Incidents/20160818-Elasticsearch

Summary

During planned network maintenance, elasticsearch search cluster in eqiad lost connectivity between nodes, resulting in 17 nodes parting the cluster, and elasticsearch stopping to respond to requests for around 10 minutes (see graph).

Timeline

12:09UTC: icinga alert on elasticsearch state
12:21UTC: all primary shards allocated, secondary shards recovering (see graph)
12:40UTC: all traffic directed to codfw search cluster
17:18UTC: less than 300 secondary shard not allocated
17:18UTC: traffic switched back to eqiad cluster (except more-like, which are by design sent to codfw)
19:02UTC: all secondary shards allocated (see graph)

Conclusions

In its current configuration, elasticsearch is too sensitive to loss of networking.
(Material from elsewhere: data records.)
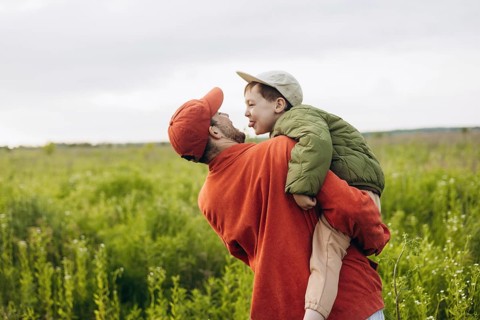 A dad and his young son enjoy a walk through a lush green field, creating joyful memories together.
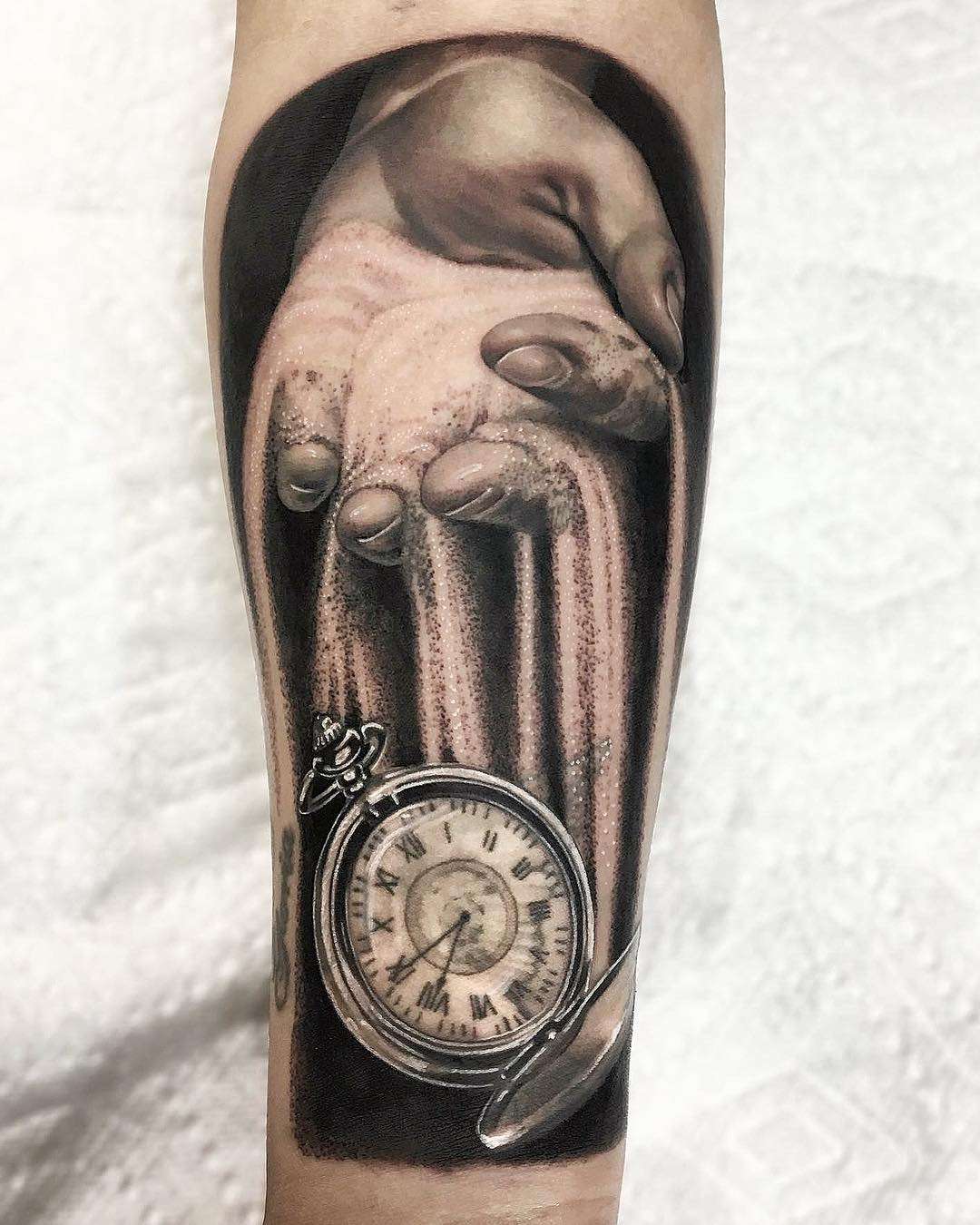 Realistic Pocket Watch Tattoo with a Hand above Pouring Sand | selftattoo.com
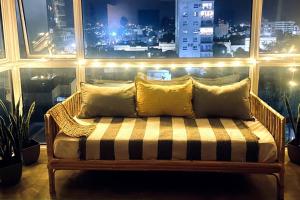 un banco con almohadas en una habitación con ventana en -Depto *ANGRA* en Tandil, BA- en Tandil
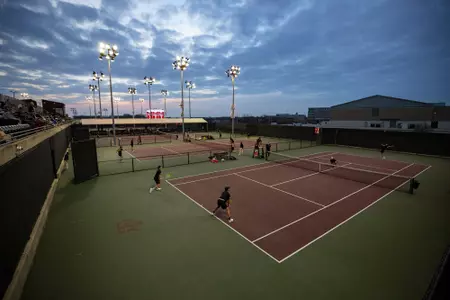 Evening shot of tennis players with big sky in background of Mitchell Tennis Center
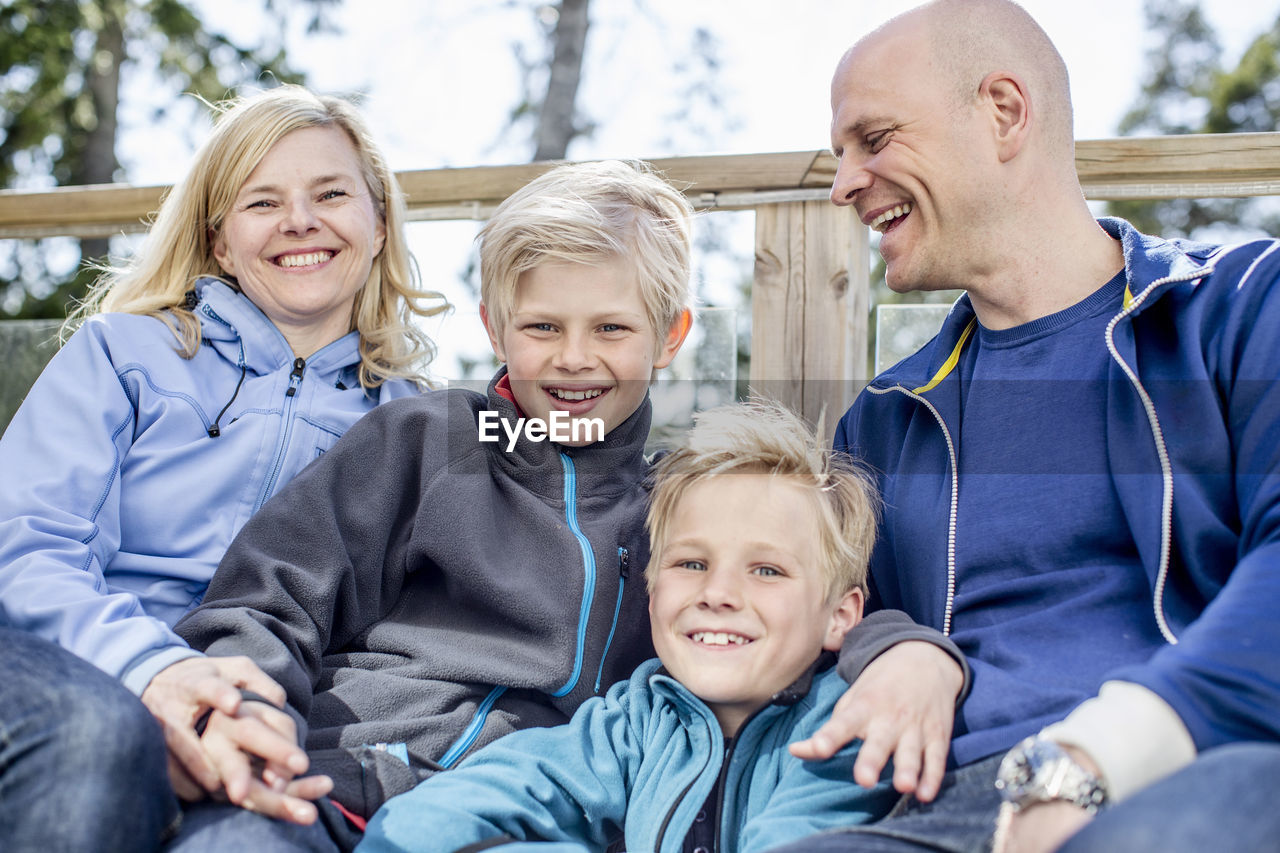 Portrait of happy boys with mother and father outdoors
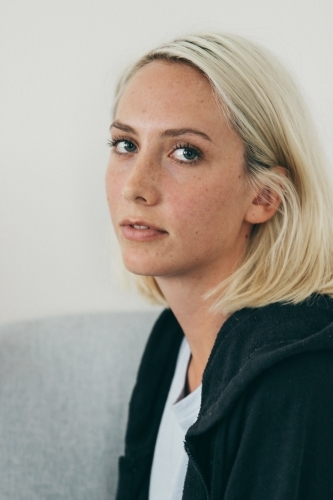 Three quarter profile of young blonde woman in hoodie and tshirt - Australian Stock Image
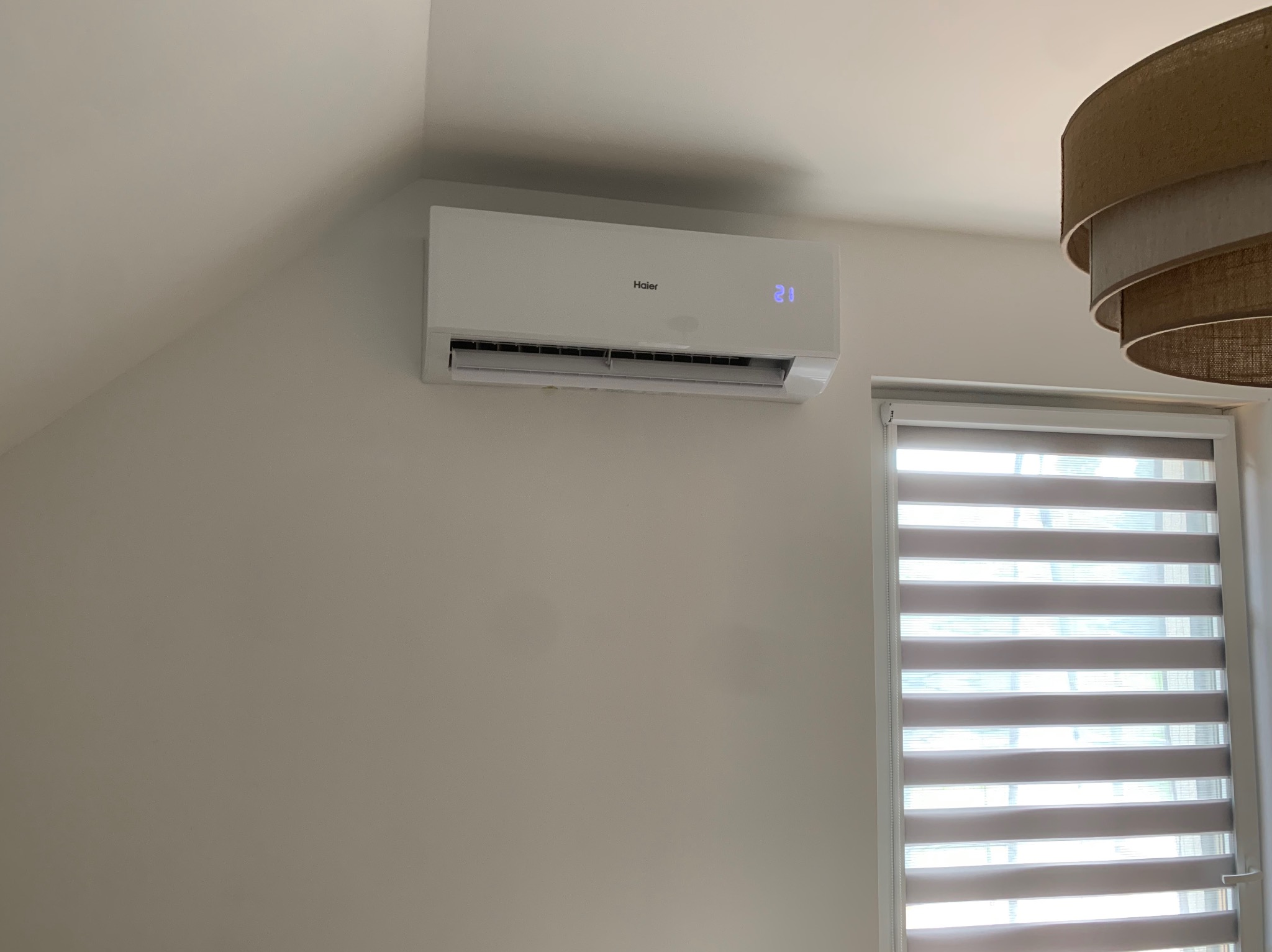 Biała klimatyzacja Haier na ścianie w jasnym wnętrzu, obok okno z roletami. Widoczny fragment lampy. Kątowe ujęcie, delikatne światło dzienne.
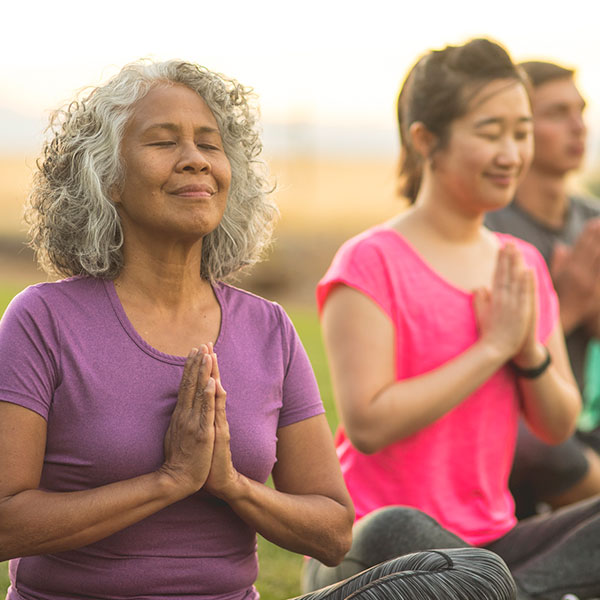 Middle aged women and men outside doing yoga in an open field.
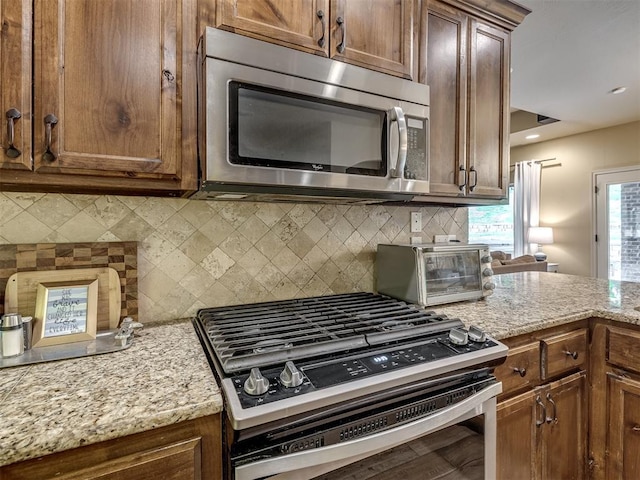 15101 SE 58th St, Choctaw, OK 73020 - kitchen with stainless steel appliances, decorative backsplash, and light stone countertops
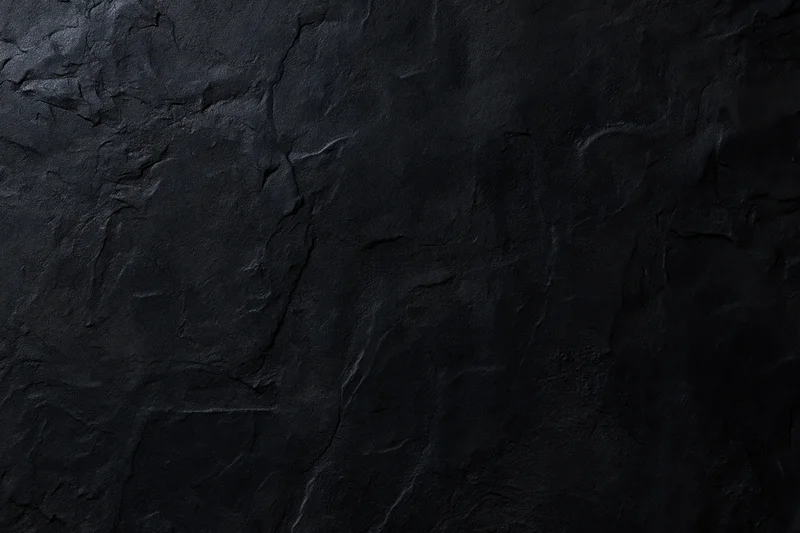 Close-up of dark rough stone or plaster surface with cracks and texture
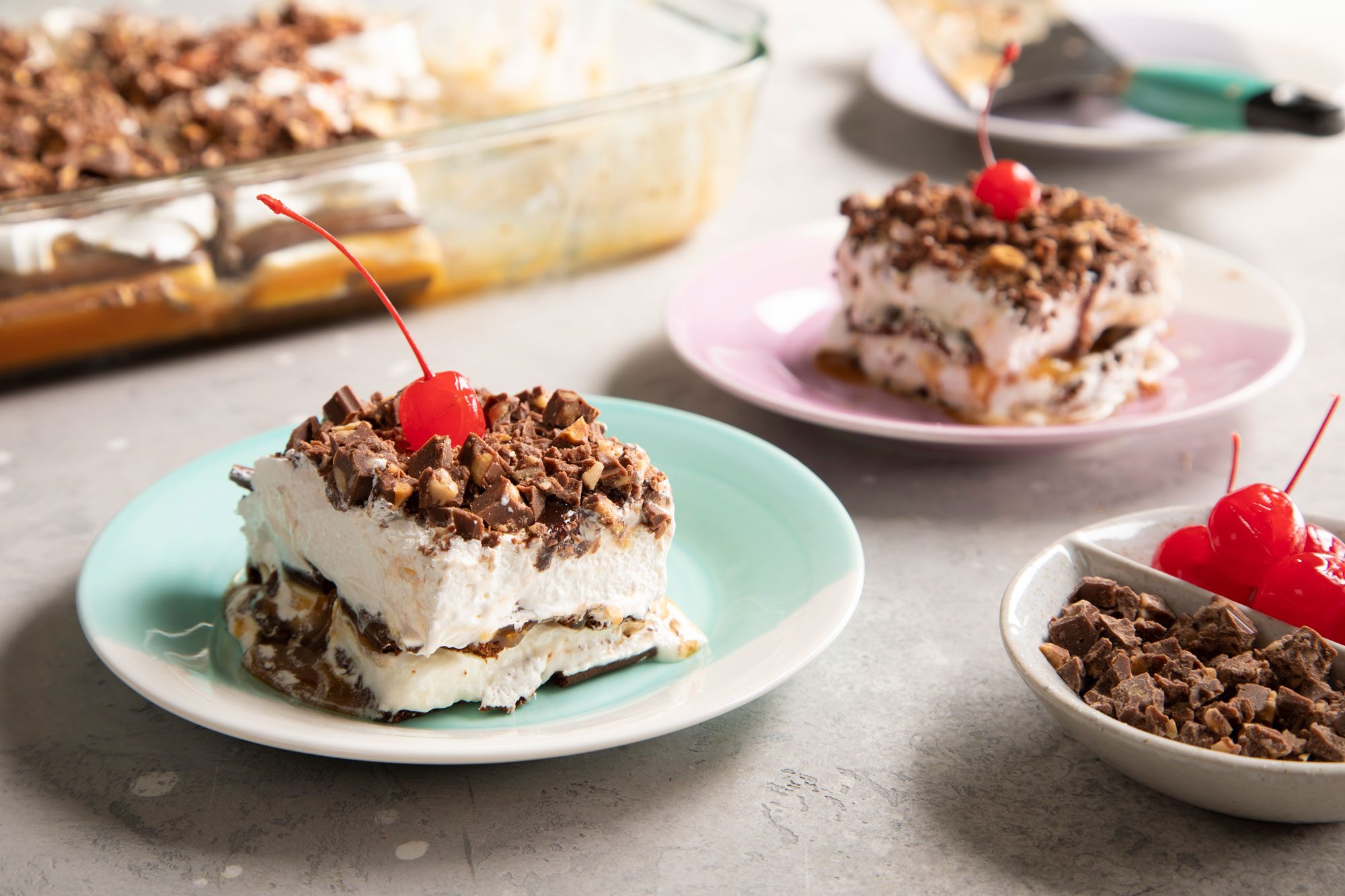 Ice Cream Sandwich cake with a cherry on top, served on plates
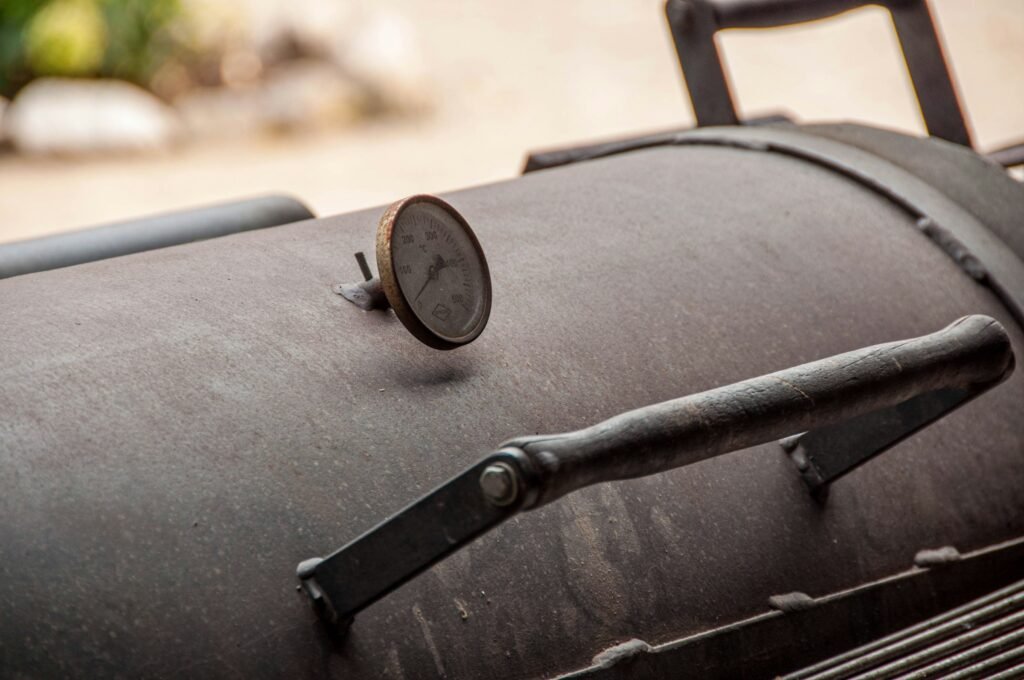Lid dial on an offset smoker, which reads air temperature only, a reason to use the best wireless meat thermometer for smoker cooks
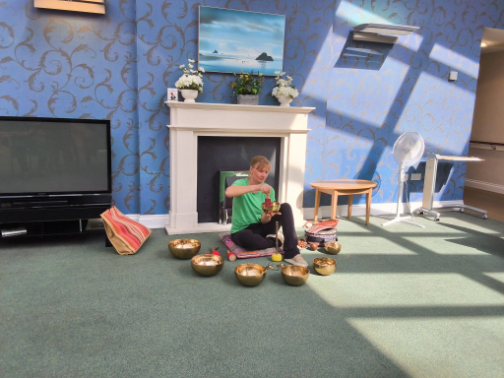 Sound bowl meditation session taking place at La Fontana Care Home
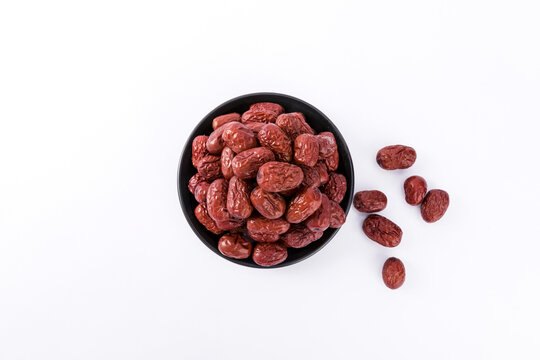 Dried red dates in black bowl on white background top view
This is the second time we have a similar issue. Previous analysis by discovery team was in reluctant to change default parameters in elasticsearch fault discovery, which runs the risk of not detecting faults early enough. This analysis needs to be reviewed.
As long as we don't make elasticsearch more robust to loss of connectivity, we should preemptively switch traffic away from a datacenter during maintenance.
Switching traffic took too much time. Part of it is Guillaume not being ready for this procedure, part is the procedure being too complex (a change in wmf-config).
Elasticsearch icinga alerts are too noisy. Checks on global cluster state are done for each node instead of doing it once for the cluster.

Actionables

Increase timeout and retry in elasticsearch fault detection configuration (bug T143552)
Switching search traffic between datacenters should be faster (bug T143553)
Improve elasticsearch alerting (bug T133844)